BiWM: Advancing Open-Source Interactive Video World Models with Bidirectional Autoregression

Abstract

BiWM is the first full-stack open-source framework for interactive video world models under the bidirectional autoregressive paradigm. Existing causal pipelines (e.g., minWM) need four training stages and still trail bidirectional models in quality due to error accumulation, while bidirectional-only models like Yume-1.5 and Matrix-Game-3.0 self-correct but lack open frameworks. BiWM collapses the pipeline to two training stages (control fine-tuning + few-step DMD distillation), spans four backbones (Wan2.1-1.3B, Wan2.2-5B, HunyuanVideo-1.5-8B, LTX-2.3-22B), and adds pluggable history compression plus an optional NVFP4 4-bit path for long rollouts.

Key Contributions

First open-source bidirectional-autoregressive framework for interactive video world models — fills the gap left by minWM (causal-only) and closed-source systems like Yume-1.5 / Matrix-Game-3.0
Two-stage training recipe — control fine-tuning + few-step Distribution Matching Distillation (DMD), converging in "a few hundred steps on 8×H200 GPUs"
Backbone-agnostic — single recipe ports to Wan2.1-1.3B, Wan2.2-5B, HunyuanVideo-1.5-8B, and LTX-2.3-22B
Pluggable history compression — supports FramePack-style and PackForcing-style modules for long rollouts
Optional NVFP4 4-bit training/inference — quantization path for memory-constrained deployment
Mode-covering regularizers — GAN loss + mass-covering forward-KL added to counter DMD's mode-seeking tendency and preserve scene dynamics

Method Details

Pipeline (two stages from a pretrained video backbone):

Stage 1 — Control fine-tuning: inject camera and action conditioning into the pretrained video diffusion backbone, retaining its bidirectional generative quality
Stage 2 — Few-step DMD: distill the multi-step diffusion sampler into a few-step generator conditioned on actions/camera; this yields the action/camera-controllable world model

Bidirectional autoregressive rollout at inference: each rollout chunk is generated bidirectionally (high fidelity, self-correcting error propagation) and chunks are stitched autoregressively for long horizons — combining the strengths of Yume-1.5 / Matrix-Game-3.0 with interactive control.

Stabilizers:

GAN adversarial loss against the multi-step teacher
Mass-covering forward-KL term to prevent DMD mode collapse
Plug-in history compression (FramePack / PackForcing) to bound KV-cache growth

Backbones covered: Wan2.1-1.3B, Wan2.2-5B, HunyuanVideo-1.5-8B, LTX-2.3-22B (all leading open video diffusion models).

Key Results

Converges in a few hundred steps on 8×H200 GPUs — much cheaper than minWM's four-stage pipeline
Real-world camera control in settings where minWM loses controllability (per the authors)
Long-horizon rollout stability via self-correcting bidirectional chunks + history compression
Open-source release for resource-constrained research and high-fidelity environment simulation

(No specific % metrics reported in the abstract — quantitative benchmarks presumably in the paper body.)

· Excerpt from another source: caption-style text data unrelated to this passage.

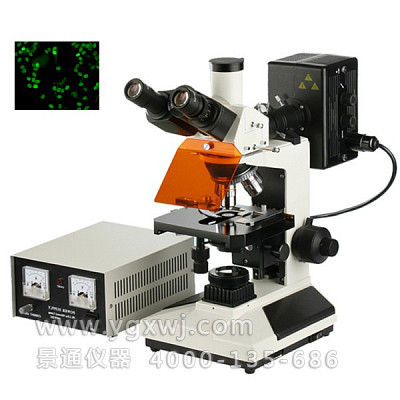 
DYF-300细胞学荧光显微镜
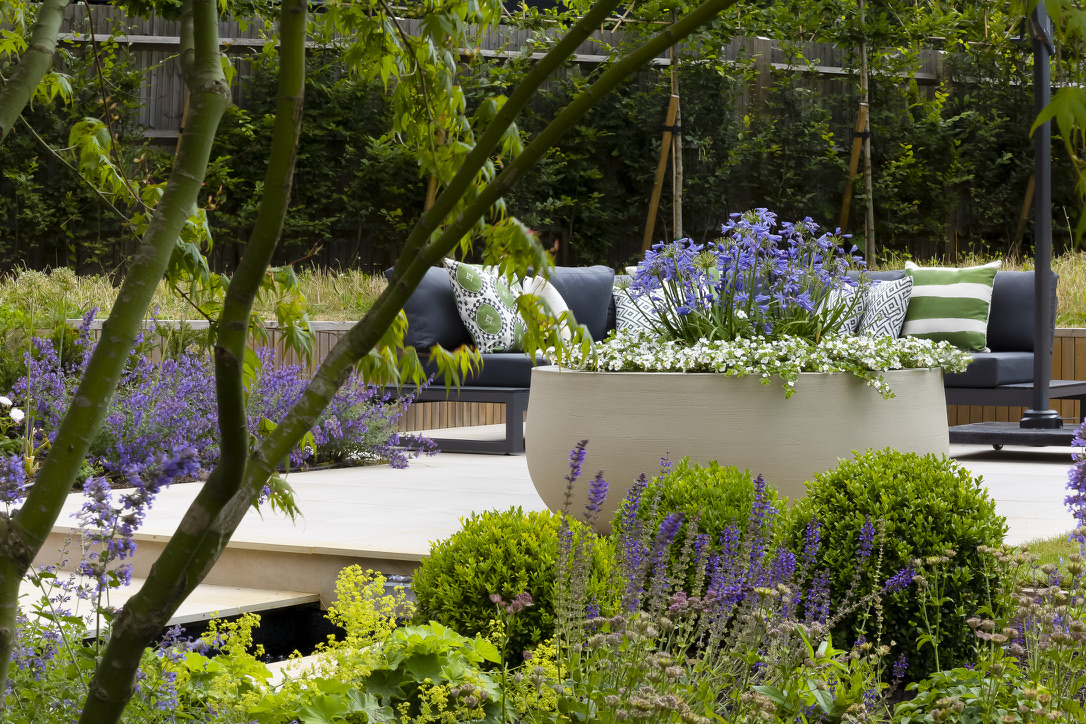 A stunning low-maintenance garden with evergreens and perennials by Raine Garden Design in Surrey.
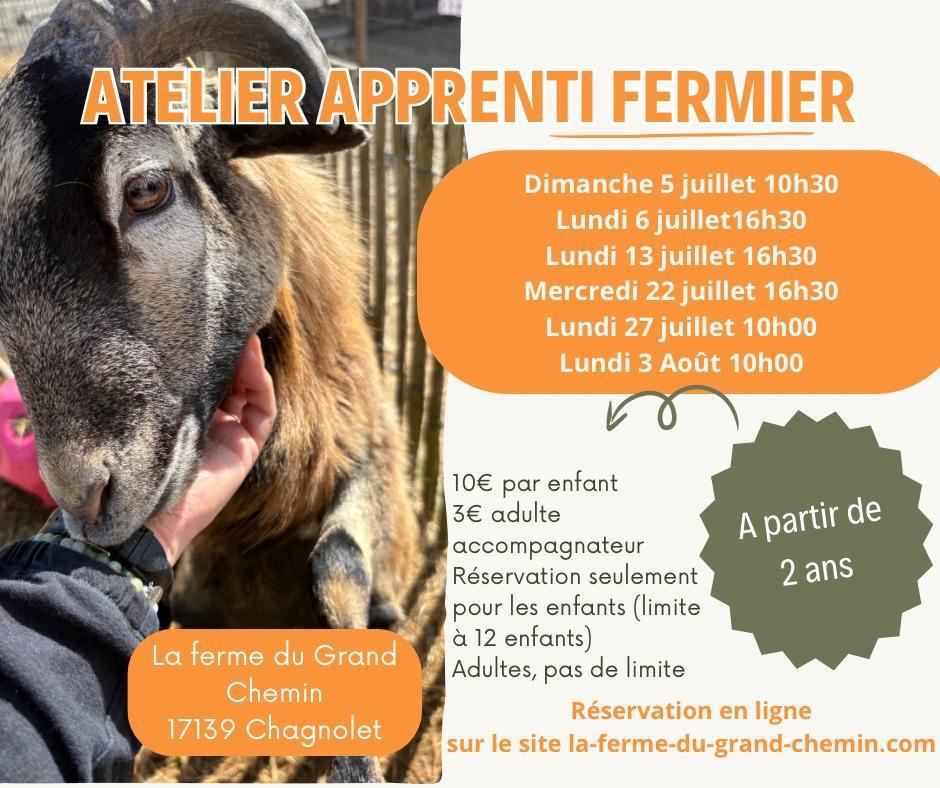 Juillet / Août - Atelier Apprenti fermier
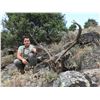 Image 1 : Spain Gredos Red Deer & Fallow Deer Hunt for 1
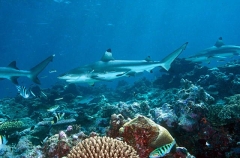 Blacktip Reef Sharks (Carcharhinus melanopterus) Blacktip Reef Sharks (Carcharhinus melanopterus)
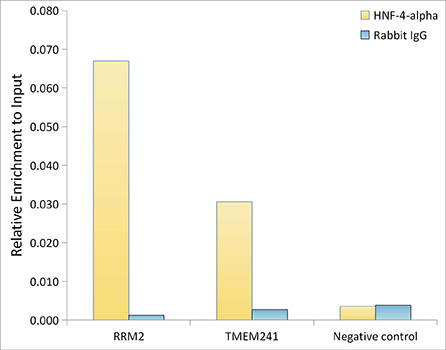 HNF-4-alpha Rabbit mAb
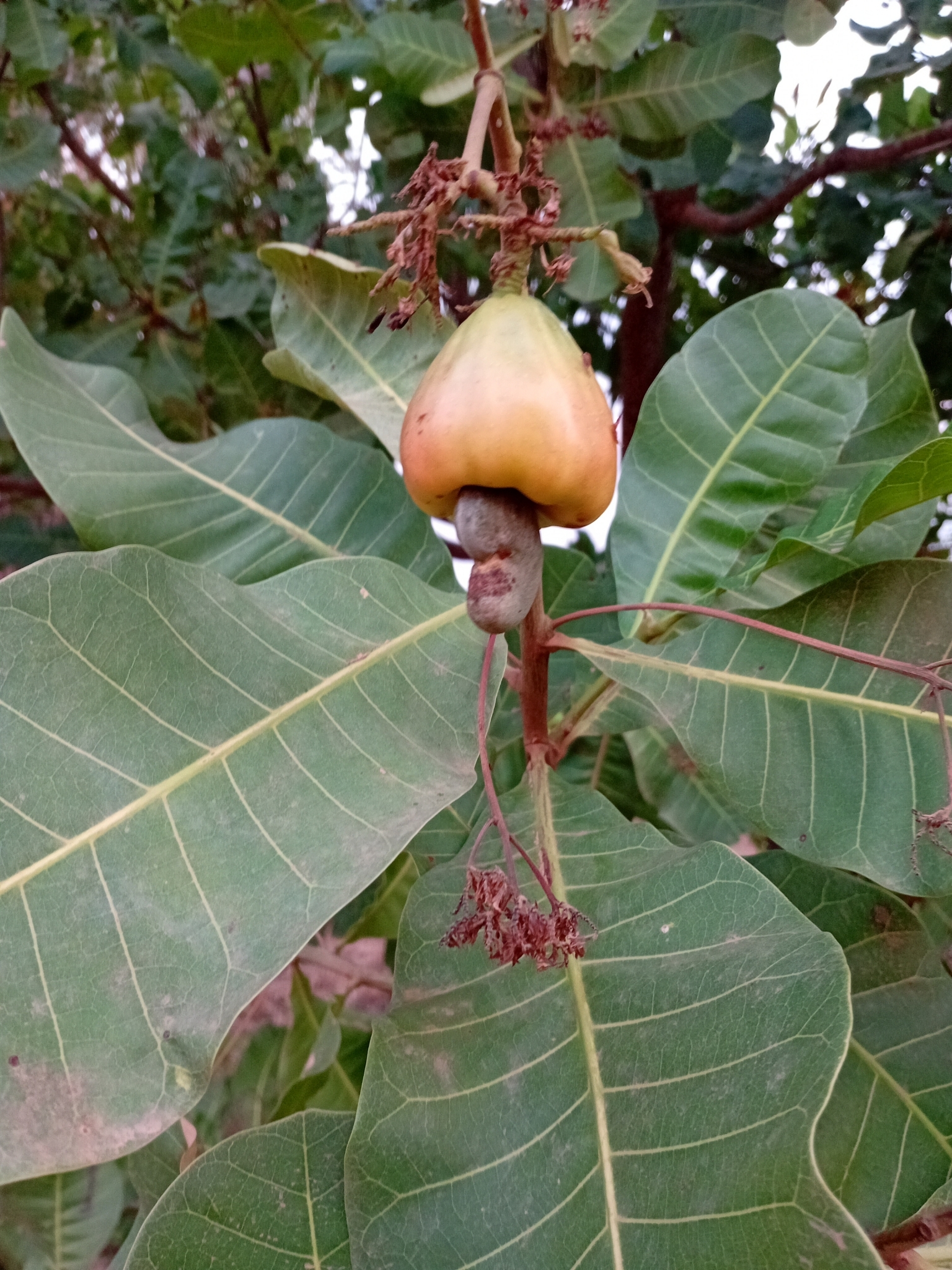 Anacardium occidentale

Limitations and Future Work

Quantitative benchmark numbers are deferred to the paper body; the abstract emphasizes pipeline and qualitative stability
4-bit NVFP4 path requires compatible hardware (Hopper/Blackwell-class NVIDIA GPUs)
DMD mode-seeking is mitigated but not eliminated; very long rollouts may still drift
"Open-source for resource-constrained research" suggests the largest backbones (22B) still need multi-GPU setups

Relevance to Patrick's Research

BiWM is a direct counterpoint to minWM and a practical open-source path to the Yume-1.5 / Matrix-Game-3.0 class of interactive world models. The two-stage recipe (control fine-tune + DMD) is the kind of operational simplification that makes world-model research reproducible outside well-funded labs. The pluggable FramePack / PackForcing compression is directly relevant to long-horizon planning, where cache growth is the bottleneck. For Patrick's tracking, BiWM is the new open-source baseline to beat on camera-controllable interactive rollouts.